On 21 July, literature lovers around the world celebrate the writer’s 125th birthday anniversary. Despite having lived in many countries around the globe, it is the city of Paris that Hemingway is probably most associated with.
Arriving as a young man with his wife of three months Hadley, he was poor, but ambitious. Calling Paris home between 1921 and 1928, it is the artsy Rive Gauche, the Left Bank of the Seine, which was his preferred haunt. Initially living in a bedsit at Rue du Cardinale Lemoine 74, just off Place de la Contrescarpe, at the top of the market street Rue Mouffetard in the Latin Quarter, without running water, he unsurprisingly spent many hours in the nearby cafés.
As it so often happens with life as an expatriate, you tend to meet people with similar stories and dreams as yours, but introductory letters from American author Sherwood Anderson to a slew of well-known personalities in Paris certainly helped getting him settled in the scene. Hemingway became a firm part of the so-called Lost Generation, a group of writers and artists living and working in Paris in the 1920s, which included illustrious names such as Gertrude Stein, F. Scott Fitzgerald, Sylvia Beach, Ezra Pound, James Joyce, and artists such as Pablo Picasso and Henri Matisse.
While Hemingway rented a room at Rue Descartes 39 to write in, he started to frequent cafés such as La Closerie des Lilas, on Boulevard Montparnasse, just by the Jardin du Luxembourg, where he reportedly stocked up his meagre food cupboard occasionally by catching wild pigeons, and other cafés such as the Dôme, and La Rotonde, steps away at the corner of Boulevard Raspail. In the 1920s, café culture in Paris was cheap, and you could spend hours discussing your creative ideas with fellow artists over a cup of coffee or a bottle of wine. La Closerie des Lilas still has metal plaques on the tables to commemorate favourite seats of famous people, such as those of Simone de Beauvoir and Jean Paul Satre, with Hemingway’s plaque located firmly at the bar.

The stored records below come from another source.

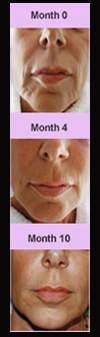 Face Sculpting, Sculpt A Face, Sculpt, Face Exercises, Facial Exercises, Face Sculpting Foundation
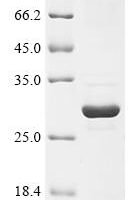 Human Phosphatidylinositol 4,5-bisphosphate 3-kinase catalytic subunit alpha isoform (PIK3CA), partial Recombinant Protein - BioCrest Sci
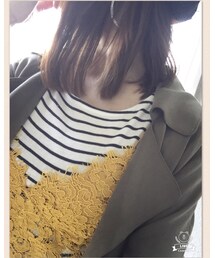 ビスチェ💖 | その他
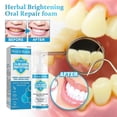 thumbnail image 2 of 3PCS Jorondy Teeth Mouthwash,30ml Herbal Brightening Oral Repair Foam Deeply Cleaning, 2 of 5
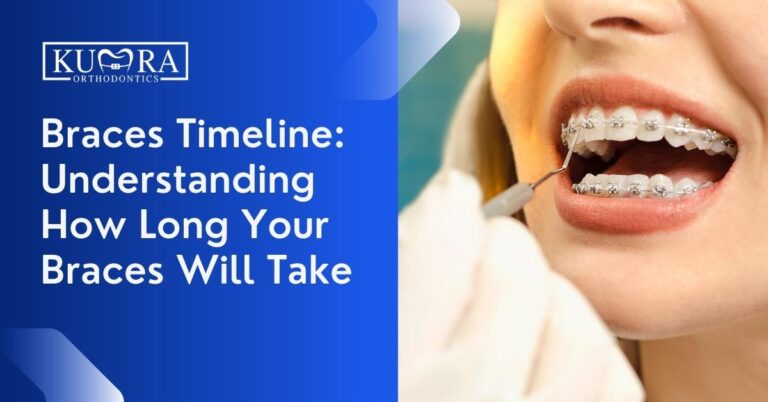 Braces Timeline: Understanding How Long Your Braces Will Take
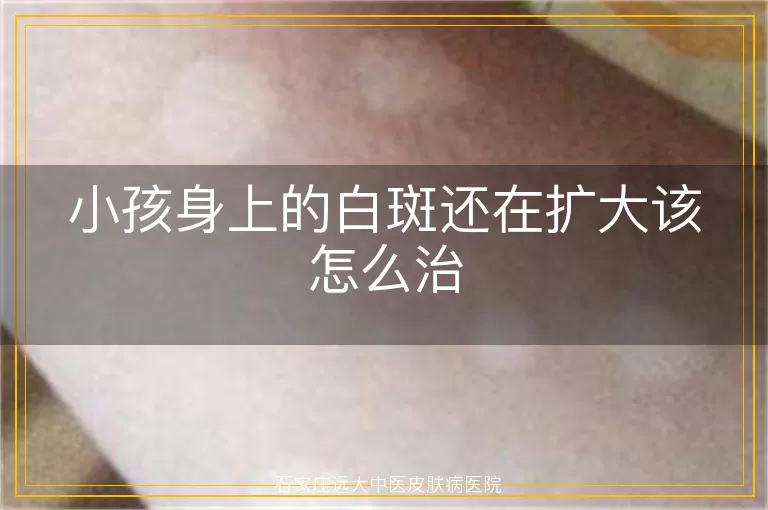 小孩身上的白斑还在扩大该怎么治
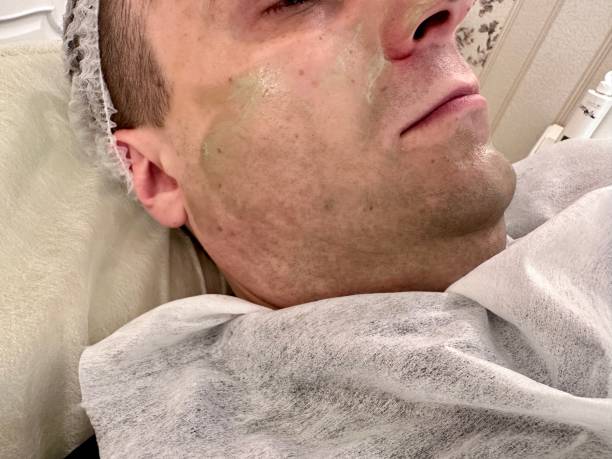 Green Peel Treatment in Dubai: Specialized Care for Men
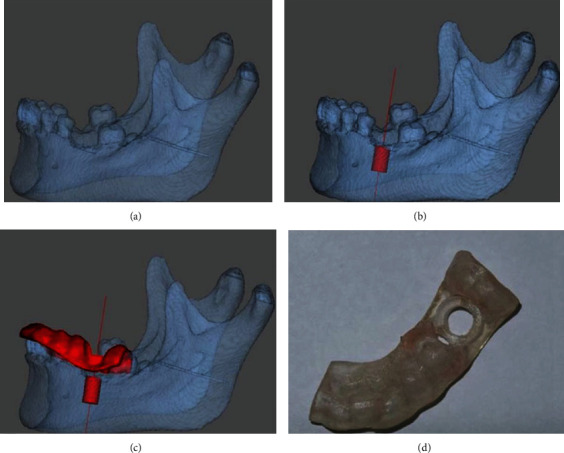 Figure 10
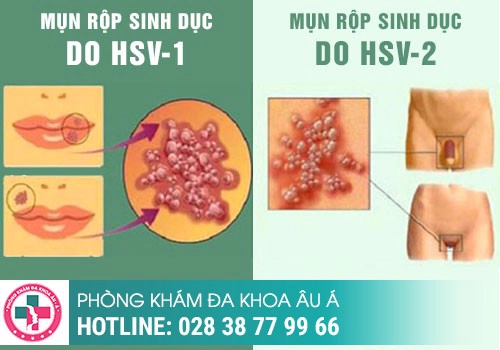Mọc mụn ở quanh rãnh bao quy đầu là bệnh gì?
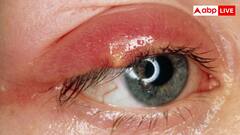 तेजी से बढ़ रही गांठ हो सकती है अंदरूनी कैंसर की निशानी, लक्षण महसूस होते ही दौड़ें डॉक्टर के पास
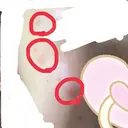 ほくろ・いぼ切除（肌） 赤坂メディカルMクリニック AFTER サムネイル用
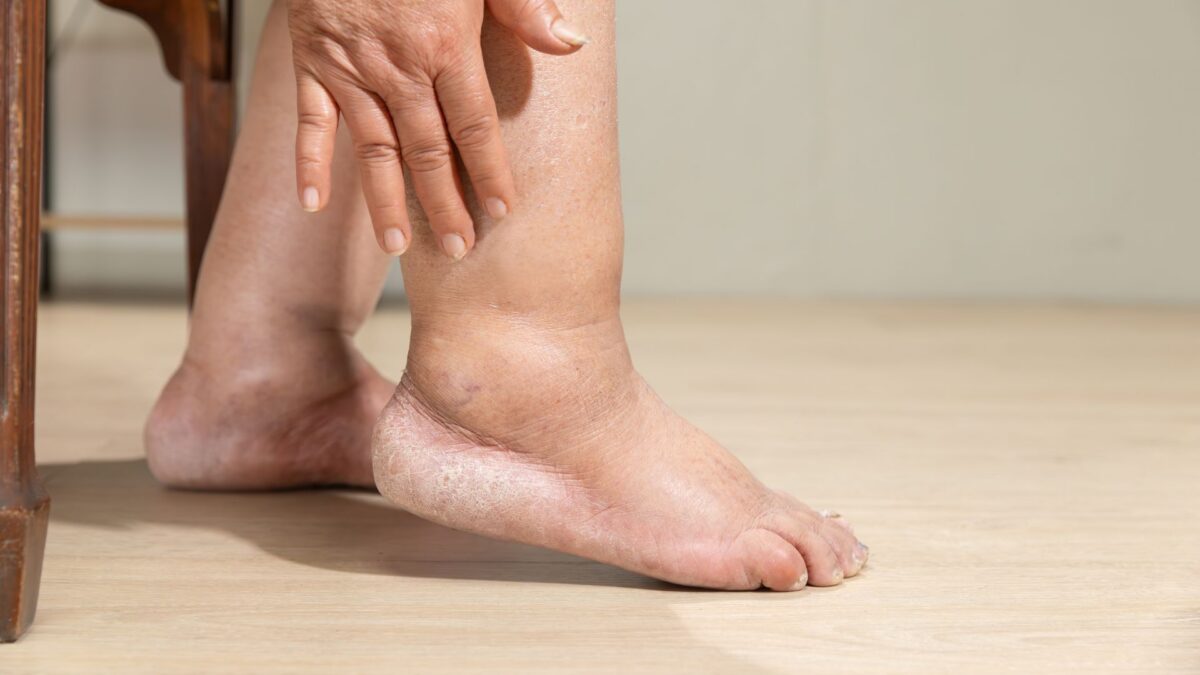 photo of a diabetic foot with edema
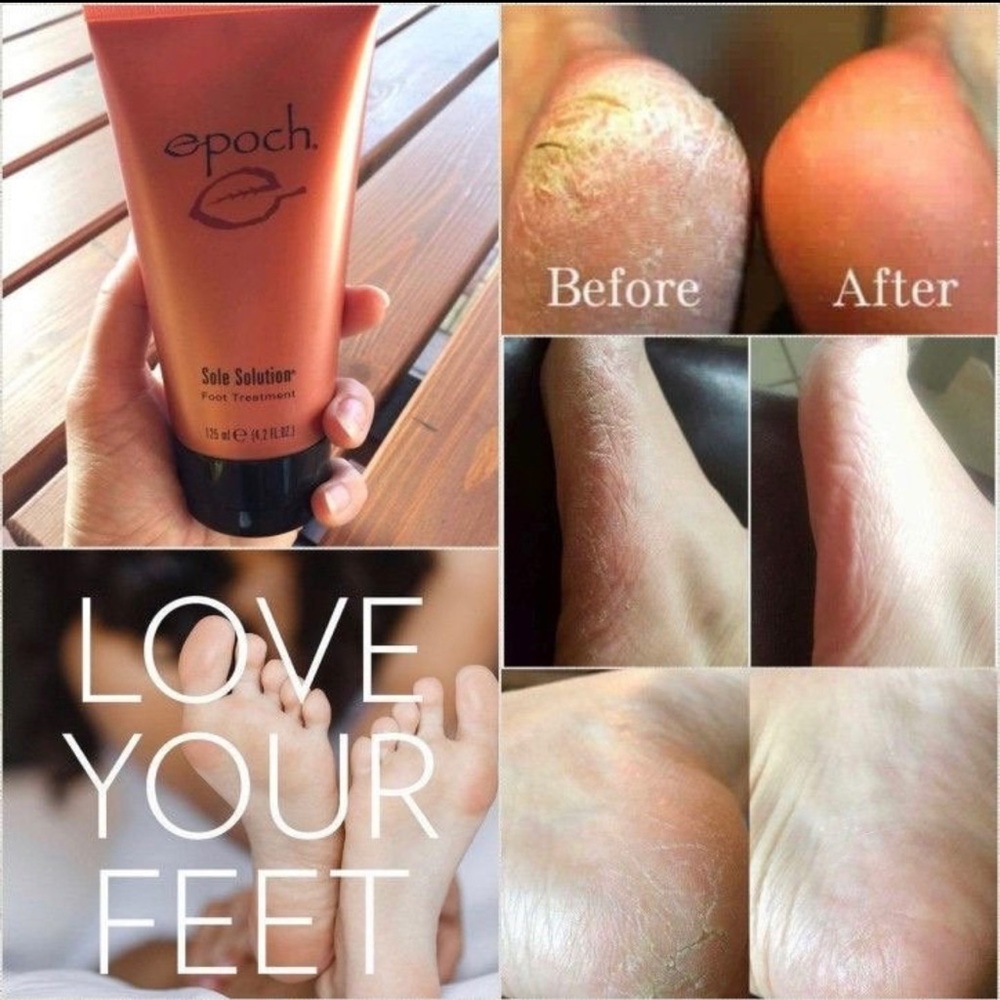 Epoch Sole Solution Foot Treatment (Pedi in a Tube)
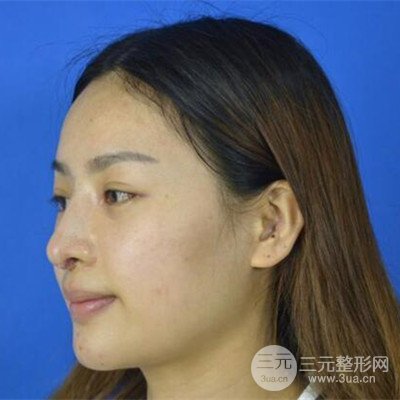 广州艺美李闯医生隆鼻整形恢复记录分享~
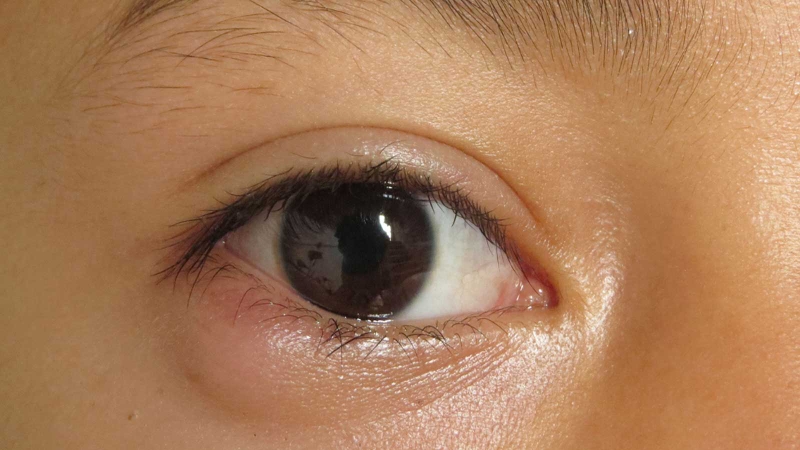 Đĩa thị giác: Cấu tạo, chức năng và một số bệnh lý liên quan 3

Another favourite spot, of Satre and de Beauvoir, as well as the Hemingway set were the cafés on Boulevard Saint Germain. A regular spot was Les Deux Magots, but he also frequented the Café de Flore next door, and, when he had money, Brasserie Lipp, on the opposite side of the road, where he loved the Alsatian sausages with potato salad.

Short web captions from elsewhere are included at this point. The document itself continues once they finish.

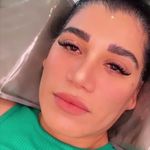 تصویر 2 کاشت و اکستنشن مژه زهرا کاظمی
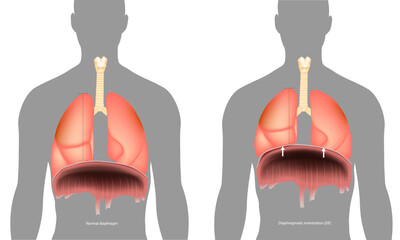 Wall Mural - Normal diaphragm or Diaphragmatic eventration. Abnormal elevation of a portion or entire hemidiaphragm. Paralysis of the diaphragm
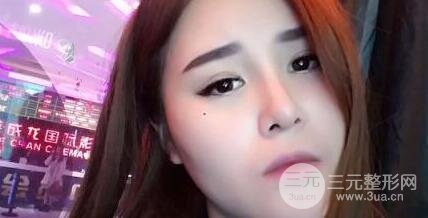 鼻子整形恢復(fù)過程真人案例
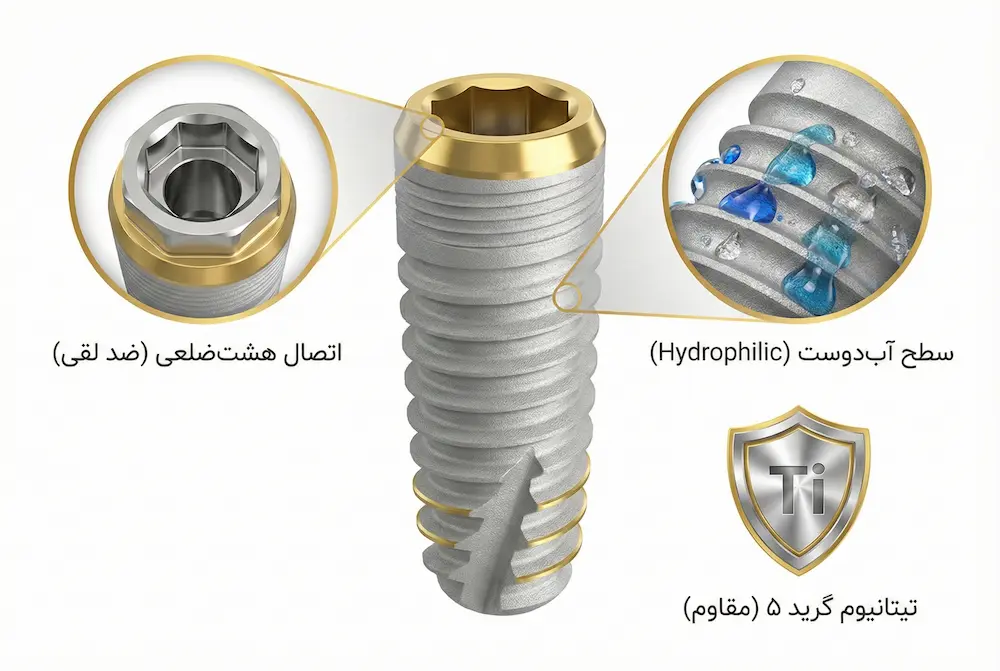 تکنولوژی ساخت ایمپلنت اف اند بی f and b technical features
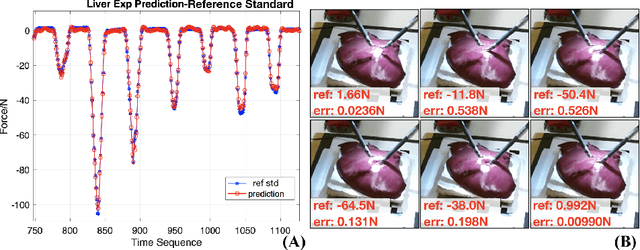 Figure 1 for Learning to See Forces: Surgical Force Prediction with RGB-Point Cloud Temporal Convolutional Networks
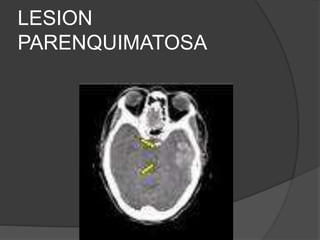 LESION
PARENQUIMATOSA
 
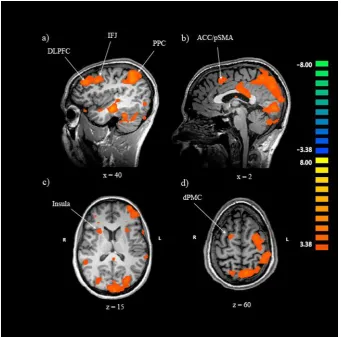 Figure 3. Neural regions showing greater activation during task switch trials than task 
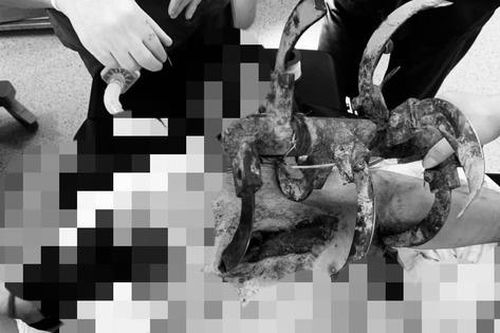 Tai nạn kinh hoàng, người nông dân nhập viện với lưỡi cày cắm sâu vào ngực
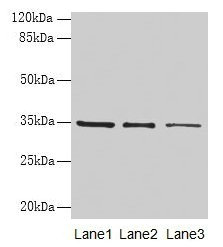 GDF15 Antibody - Western blot All lanes: Growth/differentiation factor 15 antibody at 2µg/ml Lane 1: EC109 whole cell lysate Lane 2: 293T whole cell lysate Secondary Goat polyclonal to rabbit IgG at 1/10000 dilution Predicted band size: 34 kDa Observed band size: 34 kDa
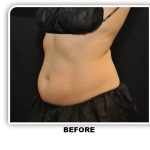 Coolsculpting Before & After Patient #4798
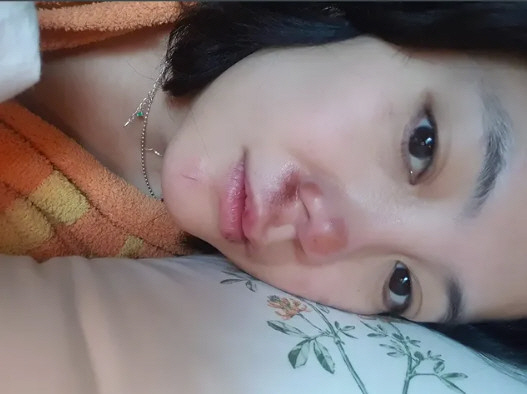 '코 재수술→안면부상' 고은아, 성형외과 검진서 뜻밖의 결과 "너무 무서…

Working as a European correspondent while trying to write fiction, Hemingway not only travelled widely throughout Europe, but also wrote regularly about Paris, covering news stories as well as expatriate gossip. Ironically, in one story for the Toronto Daily Star, he famously lambasted the café culture of Paris, and particularly that of La Rotonde, bad-mouthing the artistic expatriates of Paris hanging around cafés, all while having his place firmly among them.

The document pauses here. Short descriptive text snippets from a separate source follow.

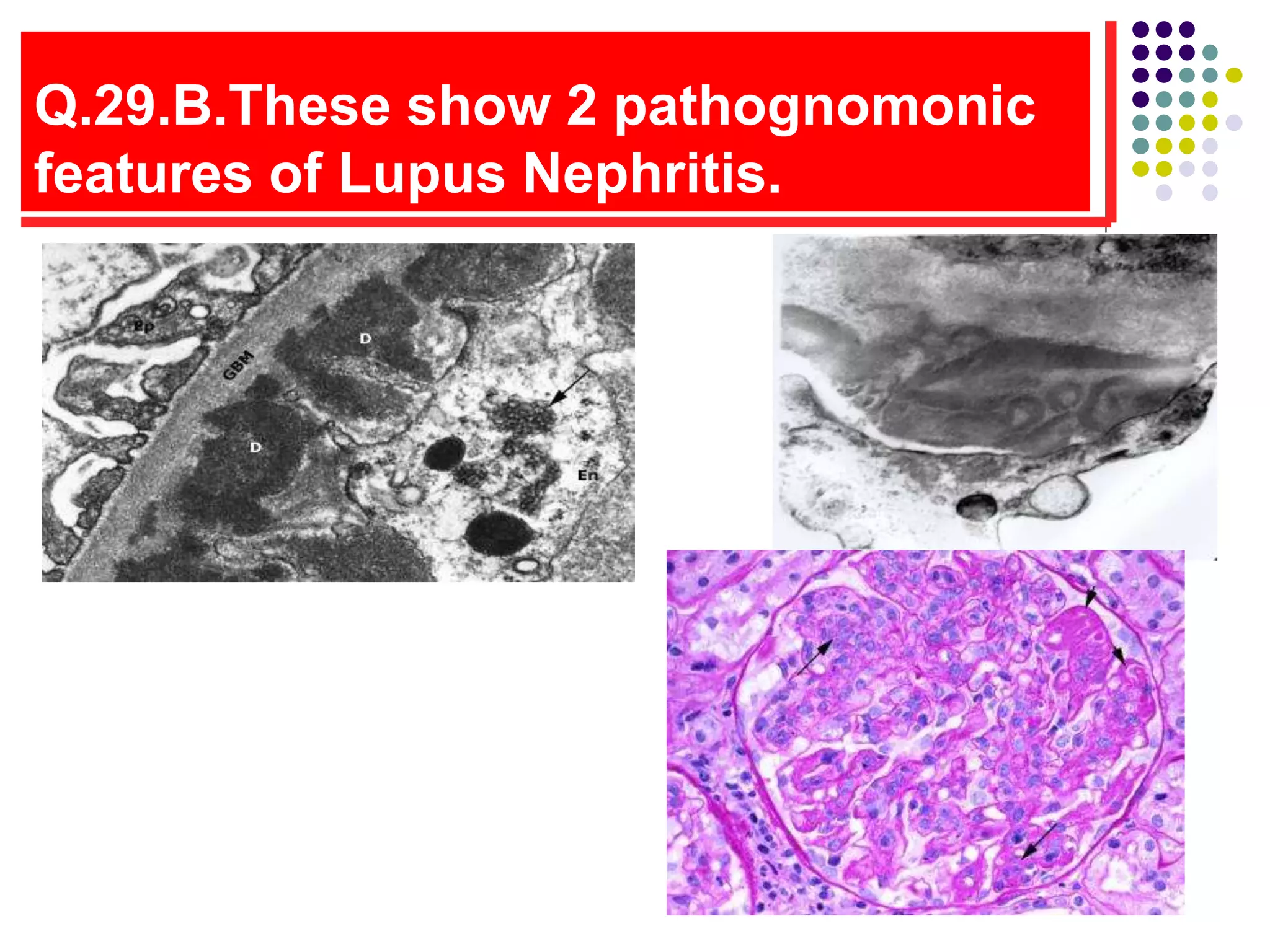 Q.29.B.These show 2 pathognomonic
features of Lupus Nephritis.
 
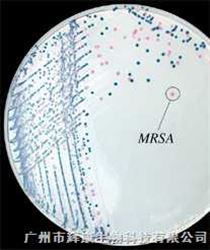 科玛嘉大肠杆菌O157显色培养基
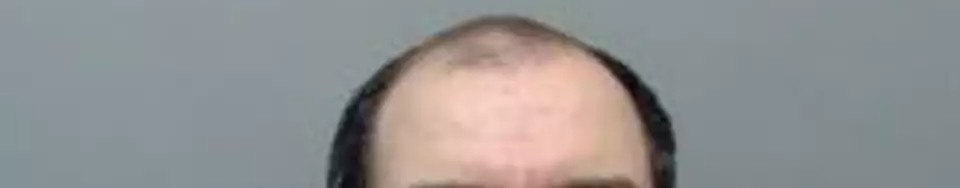 Another Krome-Domed Kik&nbsp;Kreeper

Hadley and Hemingway welcomed their first child, John, nicknamed Bumby, in 1923 in Toronto, and upon their return to Paris, Hemingway not only published his first novel in 1926, The Sun Also Rises, a semi-biographical story about American and British expats in Spain, but also collections of previously published short stories. After briefly moving in with Ezra Pound and his wife at Rue Notre Dame-de-Champs 70, the Hemingway family relocated to Notre-Dame-des-Champs 113, living above a sawmill, an address that no longer exists today.
With Hemingway’s literary success came the breakdown of his first marriage, with the pretty much immediate onset of his second marriage, this one to Vogue journalist, and reason for the divorce, Pauline Pfeiffer. They started off life together in her apartment at Rue Ferou 6, which would have lain right en route between his apartment and the cafés in Saint-Germain-des-Pres, and, after the wedding, they moved into Rue Froidevaux 69, south of Montparnasse Cemetery, but still within steps of his favourite cafés, and sticking to the Left Bank.
Hemingway left Paris in 1928, no longer a poor man, and stored a couple of custom-made Louis Vuitton trunks at the Ritz Paris, one of his few regular spots on the other side of the Seine. In 1944, after the end of WWII, he came to ‘liberate’ the Ritz, and reclaim his cases. Inside where the hand-written notes he took during his life in Paris, which became the basis of A Moveable Feast. Sadly, the book, one of his most famous ones, was only published posthumously in 1964.
Further Hemingway addresses to search out in Paris:
- Shakespear & Co, the original store, opened by Sylvia Back, was at Rue de l’ Odéon 12, but today’s store still sells all of Hemingway’s and his fellow Lost Generation books.
- Hôtel d’Angleterre (then Hôtel Jacob), is where Hadley and Hemingway stayed on their first night in Paris. Room 14 is still the Hemingway room, and you can book it.
- Musée du Luxembourg, was where Hemingway wandered, to while time away and get over his hunger pangs.
- Square du Vert-Gallant, one of the most romantic spots in Paris, at the tip of Île de la Cité, under the iconic willow tree, is where Hemingway often fished.